When you access Windows files through /mnt/c/Users/..., every read and write goes through the 9P protocol, which has significant overhead. For AI workloads involving large datasets this is devastatingly slow — expect 10-50x slower I/O compared to native Linux.

\\wsl.localhost\ (the fast path)

Store your projects, datasets, and model files inside the WSL2 filesystem (~/projects, ~/data, etc.). Access them from Windows through \\wsl.localhost\Ubuntu\home\yourname\. This path uses the native ext4 filesystem with full performance.

Rule of thumb: Work inside WSL2's filesystem.
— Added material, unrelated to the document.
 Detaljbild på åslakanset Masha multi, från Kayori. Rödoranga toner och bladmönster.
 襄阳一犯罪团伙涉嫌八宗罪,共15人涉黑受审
Use /mnt/c only for transferring files.

GPU Passthrough Benchmarks

NVIDIA's GPU passthrough in WSL2 is remarkably efficient. Independent benchmarks show:

  • Compute performance: 95-99% of native Linux CUDA performance for matrix operations and training loops.
  • Memory bandwidth: Near-native, within 2-5% of bare metal.
  • Inference latency: Identical to native for batch sizes commonly used in LLM inference.
  • PCIe overhead: Minimal — the GPU is assigned directly to the WSL2 VM through paravirtualization.
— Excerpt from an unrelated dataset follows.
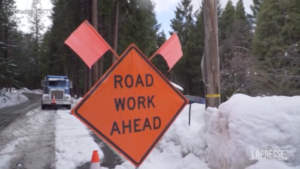 California, la tempesta di neve impone la chiusura delle strade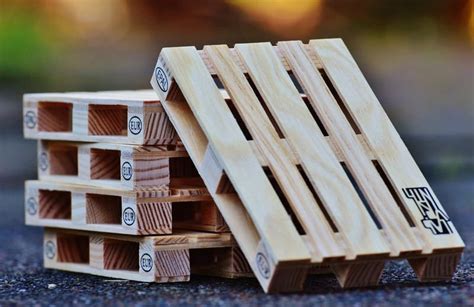 The Need For Recycling Wooden Pallets - pallet services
In practice, you will not notice a difference between training on WSL2 versus a native Linux install. The only exception is multi-GPU setups, where NVLink performance may have slight overhead.

Common Issues and Fixes

WSL2 running out of memory

By default, WSL2 can use up to 50% of your total RAM. For AI workloads, you need more. Create %UserProfile%/.wslconfig:

[wsl2] memory=32GB processors=8 swap=8GB localhostForwarding=true

Restart WSL2: wsl --shutdown then launch again.

CUDA out of memory errors

Monitor GPU memory usage with watch -n 1 nvidia-smi. If you run multiple models simultaneously, you may exhaust VRAM. Clear the cache:

sudo fuser -v /dev/nvidia*

Or simply restart the WSL2 instance.

Network issues with VPNs

Some VPNs interfere with WSL2 networking. If you cannot access the internet inside WSL2, try disabling the VPN or configuring split tunneling to exclude WSL2 traffic.

File permissions

When cloning repositories or moving files, you may encounter permission issues. Use chmod and chown inside WSL2 rather than trying to fix permissions from Windows.

Docker daemon not starting

If Docker fails to start, ensure virtualization is enabled in BIOS and that Hyper-V is turned on in Windows Features:

dism.exe /online /enable-feature /featurename:Microsoft-Hyper-V /all /quiet

Conclusion

WSL2 has eliminated the last remaining reason to dual-boot for AI development. With GPU passthrough, native Linux performance, and seamless VS Code integration, you get a world-class AI development environment without leaving Windows. The setup takes about an hour, and the productivity gains are enormous.